A straightforward answer to the question that will provide good performance and localize cache-thrashing of host memory data structures to a small set of CPUs is to simply mask the output from the Indirection Table with the number of receive queues that are supported. For example, assume an implementation only supports four queues but the network adapter is installed on an eight processor system. In this case, masking the Indirection Table output means that the least-significant two bits are used. Thus all network traffic receive processing will be limited to CPUs zero through three if the BaseCPUNumber is set to zero. If the BaseCPUNumber was non-zero, then the resultant masked value is added to the BaseCPUNumber. Thus if the BaseCPUNumber was four, then CPUs four through seven would be used.
RSS Limitations
Receive-Side Scaling (RSS) requires a significant number of CPU cycles if the algorithm is implemented in software on the host CPU, because RSS is cryptographically secure. Thus a software implementation of RSS could make the system perform worse than if RSS were not enabled. As a result, implementations should not support RSS if the network adapter cannot generate the hash result.
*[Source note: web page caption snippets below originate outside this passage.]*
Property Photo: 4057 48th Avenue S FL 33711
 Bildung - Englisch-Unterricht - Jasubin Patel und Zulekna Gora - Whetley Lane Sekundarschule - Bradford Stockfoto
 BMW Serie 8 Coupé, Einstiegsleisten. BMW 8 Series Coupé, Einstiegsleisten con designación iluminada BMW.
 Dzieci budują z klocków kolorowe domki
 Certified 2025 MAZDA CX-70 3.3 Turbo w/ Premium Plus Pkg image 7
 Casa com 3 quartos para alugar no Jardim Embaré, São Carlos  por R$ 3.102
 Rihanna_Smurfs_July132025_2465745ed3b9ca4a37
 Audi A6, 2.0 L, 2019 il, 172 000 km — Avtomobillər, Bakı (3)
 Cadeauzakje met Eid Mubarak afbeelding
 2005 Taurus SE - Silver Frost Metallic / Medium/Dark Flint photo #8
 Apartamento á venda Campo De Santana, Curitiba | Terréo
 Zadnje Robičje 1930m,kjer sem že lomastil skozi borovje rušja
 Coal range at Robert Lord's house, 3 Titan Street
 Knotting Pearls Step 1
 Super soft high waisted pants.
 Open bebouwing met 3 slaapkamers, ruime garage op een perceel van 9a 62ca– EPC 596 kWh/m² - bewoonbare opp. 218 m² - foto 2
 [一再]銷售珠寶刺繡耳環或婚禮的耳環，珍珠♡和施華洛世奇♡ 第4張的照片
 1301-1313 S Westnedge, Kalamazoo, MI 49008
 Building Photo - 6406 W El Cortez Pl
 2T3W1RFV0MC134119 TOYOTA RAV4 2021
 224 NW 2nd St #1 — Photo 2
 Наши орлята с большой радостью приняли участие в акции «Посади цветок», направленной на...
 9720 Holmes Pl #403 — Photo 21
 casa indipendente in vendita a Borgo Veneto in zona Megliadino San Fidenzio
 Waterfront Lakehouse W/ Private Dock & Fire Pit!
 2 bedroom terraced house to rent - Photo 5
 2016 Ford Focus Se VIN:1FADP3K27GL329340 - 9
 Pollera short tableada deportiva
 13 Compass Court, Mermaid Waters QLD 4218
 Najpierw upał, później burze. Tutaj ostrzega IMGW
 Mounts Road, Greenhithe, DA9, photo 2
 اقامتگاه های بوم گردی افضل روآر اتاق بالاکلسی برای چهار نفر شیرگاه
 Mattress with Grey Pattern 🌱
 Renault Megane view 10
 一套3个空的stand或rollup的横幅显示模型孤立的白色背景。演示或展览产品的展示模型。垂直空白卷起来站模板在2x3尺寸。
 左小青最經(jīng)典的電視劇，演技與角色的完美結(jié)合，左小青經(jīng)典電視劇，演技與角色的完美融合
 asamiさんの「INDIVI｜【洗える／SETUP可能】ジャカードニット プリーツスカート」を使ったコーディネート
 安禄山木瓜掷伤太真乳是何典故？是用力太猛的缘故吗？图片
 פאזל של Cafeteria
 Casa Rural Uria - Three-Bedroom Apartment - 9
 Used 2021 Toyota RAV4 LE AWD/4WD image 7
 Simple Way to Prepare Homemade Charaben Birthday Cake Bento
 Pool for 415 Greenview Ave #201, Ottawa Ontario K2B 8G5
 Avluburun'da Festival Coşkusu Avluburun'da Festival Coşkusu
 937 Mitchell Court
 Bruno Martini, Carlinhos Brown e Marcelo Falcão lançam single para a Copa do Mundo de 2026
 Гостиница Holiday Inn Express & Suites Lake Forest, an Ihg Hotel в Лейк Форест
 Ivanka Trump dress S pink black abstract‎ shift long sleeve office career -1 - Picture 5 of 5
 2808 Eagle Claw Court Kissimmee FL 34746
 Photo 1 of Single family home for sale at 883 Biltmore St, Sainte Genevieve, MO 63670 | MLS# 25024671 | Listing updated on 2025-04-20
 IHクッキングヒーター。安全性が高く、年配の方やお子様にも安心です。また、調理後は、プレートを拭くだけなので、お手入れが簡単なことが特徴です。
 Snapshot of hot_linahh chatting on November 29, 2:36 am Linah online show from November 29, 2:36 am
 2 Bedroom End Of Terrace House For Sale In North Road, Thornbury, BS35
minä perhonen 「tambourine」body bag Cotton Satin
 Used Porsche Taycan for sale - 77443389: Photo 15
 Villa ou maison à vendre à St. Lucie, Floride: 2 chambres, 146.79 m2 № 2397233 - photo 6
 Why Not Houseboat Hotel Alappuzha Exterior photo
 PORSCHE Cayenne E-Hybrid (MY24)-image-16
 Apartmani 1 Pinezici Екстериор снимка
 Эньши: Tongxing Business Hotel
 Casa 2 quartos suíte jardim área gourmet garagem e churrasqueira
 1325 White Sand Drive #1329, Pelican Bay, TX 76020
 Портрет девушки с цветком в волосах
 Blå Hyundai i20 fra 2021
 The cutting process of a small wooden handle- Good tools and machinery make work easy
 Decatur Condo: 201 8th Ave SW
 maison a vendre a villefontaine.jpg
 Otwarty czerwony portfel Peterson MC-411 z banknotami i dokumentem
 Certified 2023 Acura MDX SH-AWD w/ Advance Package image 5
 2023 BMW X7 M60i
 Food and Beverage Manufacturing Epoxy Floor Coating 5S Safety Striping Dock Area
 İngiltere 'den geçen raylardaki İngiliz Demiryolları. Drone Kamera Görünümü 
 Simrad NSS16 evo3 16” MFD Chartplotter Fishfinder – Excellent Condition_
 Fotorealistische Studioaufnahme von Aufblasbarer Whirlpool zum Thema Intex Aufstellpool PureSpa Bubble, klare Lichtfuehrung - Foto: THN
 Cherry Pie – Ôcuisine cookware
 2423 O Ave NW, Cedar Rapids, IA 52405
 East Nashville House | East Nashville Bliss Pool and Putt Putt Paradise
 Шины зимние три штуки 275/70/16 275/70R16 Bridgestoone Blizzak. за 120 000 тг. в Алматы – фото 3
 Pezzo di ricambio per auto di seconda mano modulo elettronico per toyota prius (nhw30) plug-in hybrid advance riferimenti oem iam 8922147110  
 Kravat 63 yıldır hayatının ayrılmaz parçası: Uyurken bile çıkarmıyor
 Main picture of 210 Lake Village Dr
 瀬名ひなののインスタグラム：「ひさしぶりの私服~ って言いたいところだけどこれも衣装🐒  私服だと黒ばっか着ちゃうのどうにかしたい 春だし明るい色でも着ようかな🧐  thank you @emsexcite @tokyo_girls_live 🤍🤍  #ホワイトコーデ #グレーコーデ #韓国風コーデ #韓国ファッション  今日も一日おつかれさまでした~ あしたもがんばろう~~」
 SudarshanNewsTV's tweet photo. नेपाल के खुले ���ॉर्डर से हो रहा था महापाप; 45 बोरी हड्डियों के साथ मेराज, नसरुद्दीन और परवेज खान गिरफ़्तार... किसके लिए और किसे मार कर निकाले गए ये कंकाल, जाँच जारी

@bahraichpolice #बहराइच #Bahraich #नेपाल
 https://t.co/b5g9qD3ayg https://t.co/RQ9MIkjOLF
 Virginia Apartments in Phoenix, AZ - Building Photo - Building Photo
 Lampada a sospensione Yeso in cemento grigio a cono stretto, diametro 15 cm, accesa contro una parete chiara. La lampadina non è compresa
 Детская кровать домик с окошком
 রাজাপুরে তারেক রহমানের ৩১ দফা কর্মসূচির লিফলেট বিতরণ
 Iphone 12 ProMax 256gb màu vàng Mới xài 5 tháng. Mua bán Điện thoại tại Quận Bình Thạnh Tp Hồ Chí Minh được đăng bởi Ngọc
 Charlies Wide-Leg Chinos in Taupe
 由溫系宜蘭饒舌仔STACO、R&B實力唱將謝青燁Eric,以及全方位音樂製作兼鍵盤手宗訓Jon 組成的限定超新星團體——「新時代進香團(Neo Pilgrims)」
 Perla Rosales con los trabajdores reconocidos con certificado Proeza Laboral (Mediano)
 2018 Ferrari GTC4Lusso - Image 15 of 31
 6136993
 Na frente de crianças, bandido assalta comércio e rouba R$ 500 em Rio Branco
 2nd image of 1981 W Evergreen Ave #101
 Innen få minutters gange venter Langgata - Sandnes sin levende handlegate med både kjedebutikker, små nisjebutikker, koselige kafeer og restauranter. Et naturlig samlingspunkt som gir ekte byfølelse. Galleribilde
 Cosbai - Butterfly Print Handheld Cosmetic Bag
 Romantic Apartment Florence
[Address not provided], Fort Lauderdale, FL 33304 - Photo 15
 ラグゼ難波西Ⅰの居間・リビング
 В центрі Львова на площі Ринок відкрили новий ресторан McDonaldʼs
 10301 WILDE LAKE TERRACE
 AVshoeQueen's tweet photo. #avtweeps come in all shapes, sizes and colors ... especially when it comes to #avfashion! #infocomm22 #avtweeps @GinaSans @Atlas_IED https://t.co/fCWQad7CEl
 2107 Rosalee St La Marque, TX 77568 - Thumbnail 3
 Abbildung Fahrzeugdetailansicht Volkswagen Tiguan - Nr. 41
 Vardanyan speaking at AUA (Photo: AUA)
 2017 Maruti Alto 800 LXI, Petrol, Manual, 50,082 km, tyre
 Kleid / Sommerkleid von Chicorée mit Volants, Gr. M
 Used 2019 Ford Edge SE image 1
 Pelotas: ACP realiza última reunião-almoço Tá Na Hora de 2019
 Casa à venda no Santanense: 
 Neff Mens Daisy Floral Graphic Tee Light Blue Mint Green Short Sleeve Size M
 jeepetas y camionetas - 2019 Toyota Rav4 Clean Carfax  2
The types of protocols that are received limit RSS load balancing. Load balancing on a per-connection basis is supported only for TCP. Depending on the hash type setting, other protocols such as the User Datagram Protocol (UDP), IPsec, IGMP, and ICMP are hashed on the source and destination IP address. For incoming packets that are not IP packets (for example, on Ethernet this would be a different EtherType than the one assigned to IPv4 or IPv6), the packets cannot be classified and will be handled in a fashion similar to the NDIS 5.1 method, where no hash value is set and all packets are indicated on a single CPU DPC.
If an application is not running on the CPU that RSS has scheduled the receive traffic to be processed on, some cache optimizations may not occur. To eliminate this issue, a mechanism will be provided to allow the application to query the current processor that it should run on for best performance. If the application is not modified in this fashion, application performance on RSS is still expected to be significantly better than performance on the current NDIS 5.1 infrastructure. However, in extremely rare conditions on nonuniform-memory-access (NUMA) systems, the system administrator may want to disable RSS.
Finally, RSS may need to be configured on systems where network processing is restricted to a subset of the processors in the system. Systems with large processor counts (for example 16- and 32-way processors) may not want all processors simultaneously processing network traffic. In such cases, RSS should be restricted to a small subset of the processors. To limit hardware and software complexity, the administrator can restrict only processors ranges that start at zero and are a power-of-two number of processors. The RSS hashing must also go to a power-of-two number of processors. So for example, if the system is a seven-processor system, where the administrator wants to forbid CPUs 0 through 2 from participating in RSS, the administrator must instead restrict CPUs 0 through 3. Because the number of RSS CPUs must be a power of two, only CPUs 4 and 5 can be used. (CPU 6 will not be used by RSS either.)